WARY taxpayers in the San Mateo Union High School District have to be keeping their fingers crossed these days. The district's handling of financing aspects of projects related to a $137 million construction bond issue approved by voters in 2000 has been less than stellar. In a nutshell, by borrowing needed money to be repaid with anticipated revenues that didn't pan out as projected, the district is in a bind. Again.
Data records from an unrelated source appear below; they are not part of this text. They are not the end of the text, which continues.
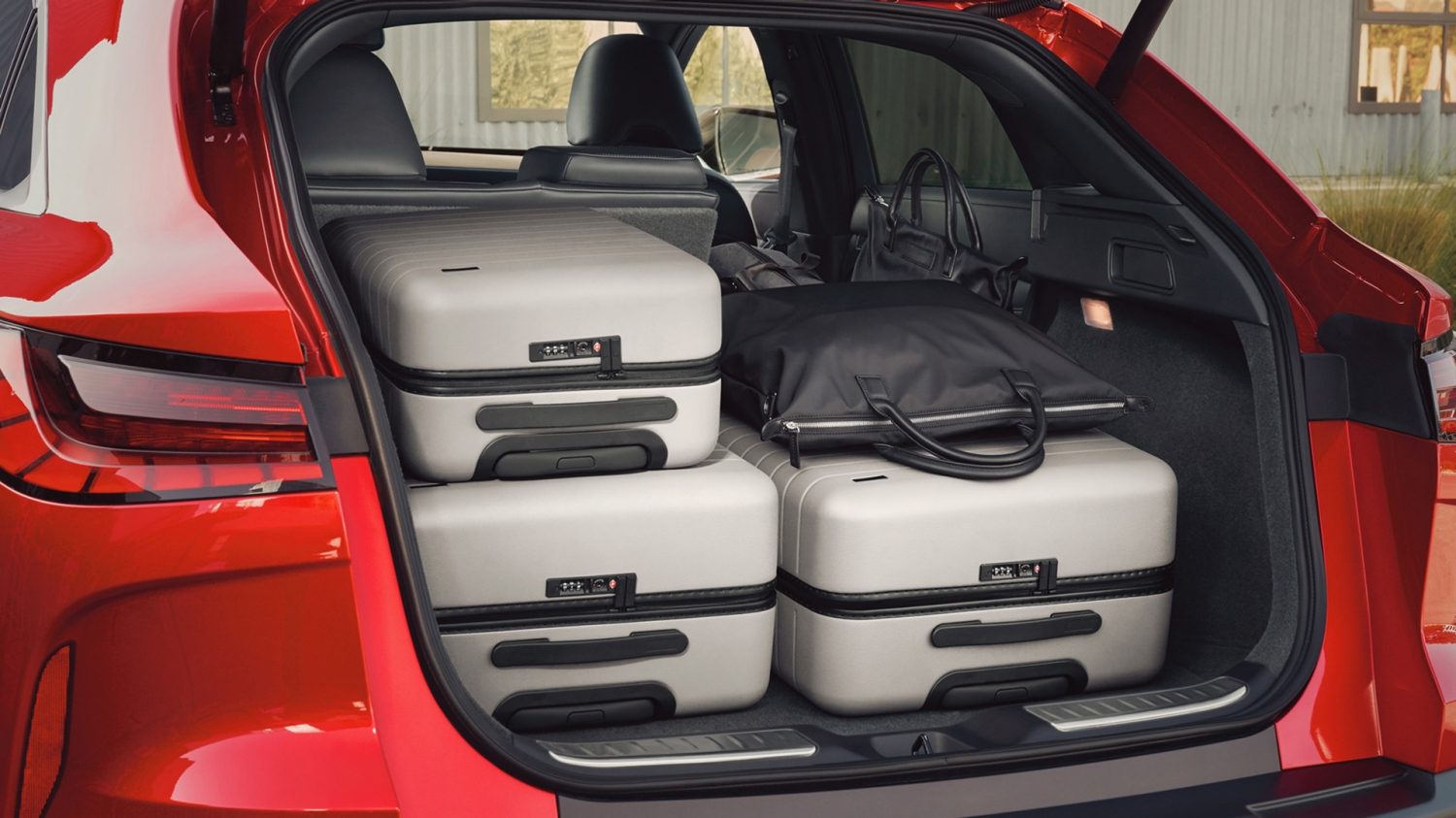 QX55 cargo area with seats up to show expandable luggage capacity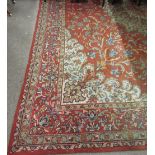 A large red ground and floral decorated Donegal Carpet, with a central medallion and corner designs,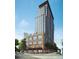 The exterior rendering of a modern high-rise features a combination of brick and glass at 400 W Main St # 2502, Durham, NC 27701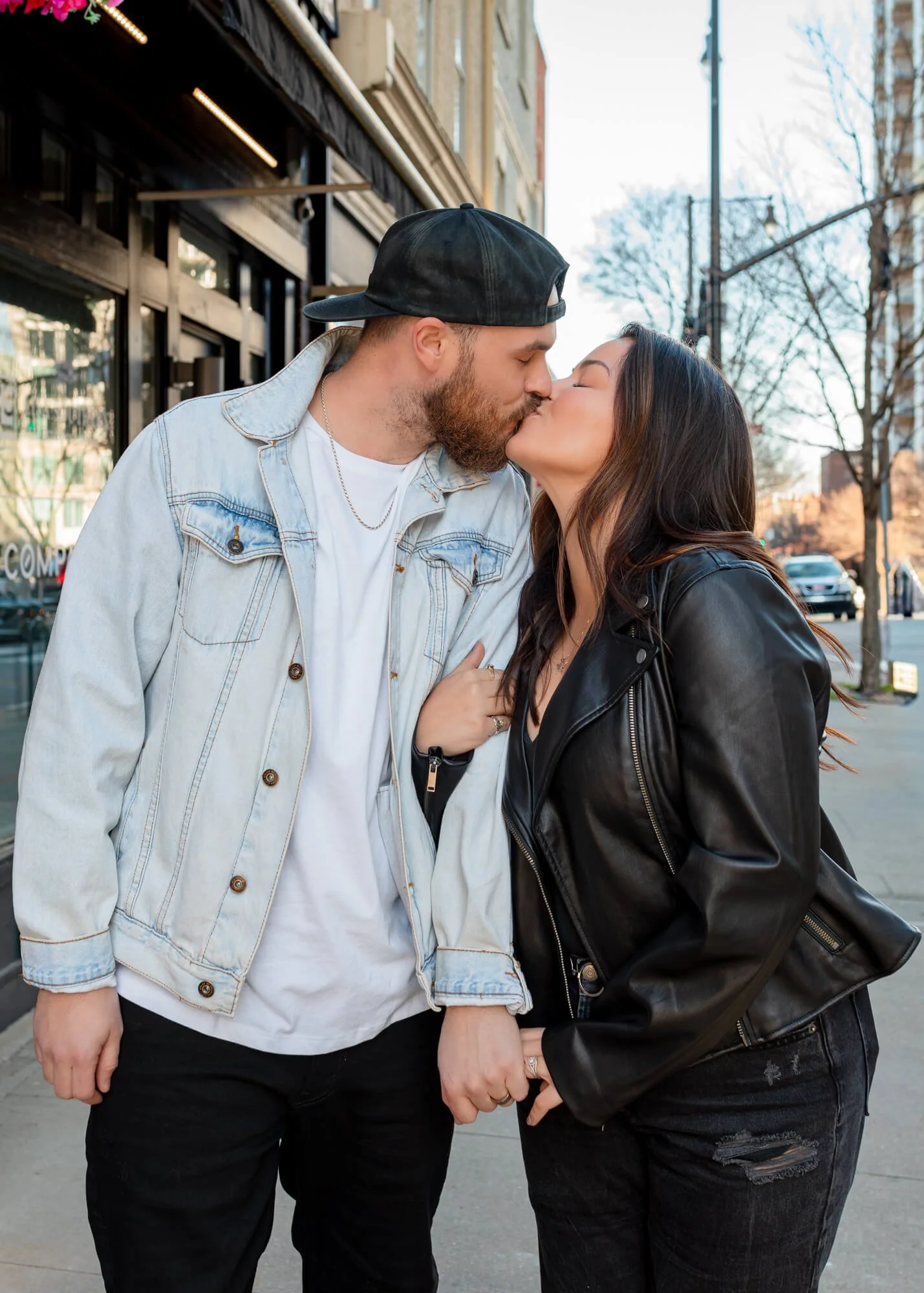 A couple kisses each other during a couples portrait session in downtown Raleigh, NC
Last week, its trustees considered a proposal to bundle the district's loans, trimming the first-year payment to $475,000. It is expected that the board members will vote on the arrangement March 8. But that's not all. The $137 million bond measure is not alone. Last November, the generous citizenry went even further. In an act of somewhat surprising faith, they voted to OK another massive district bond package, in spite of strong evidence of fiduciary fumbling. That one was for a whopping $298 million. So, now, the district and its officials are dealing with what amounts to a mountain of moolah, a grand total of $435 million. The figure especially when you factor in interest payments of perhaps $350 million or so is really quite stunning. And the question becomes: If the district's policy-makers found themselves flummoxed by the twists and turns of dealing with the first bond, what happens with the second one? Fortunately, the district is getting some help. The San Mateo County Office of Education is monitoring all of this very carefully. Thank goodness. The stakes and the public dollars involved are large. And confidence in the district's ability to deal with that pile of cash is ebbing away quickly.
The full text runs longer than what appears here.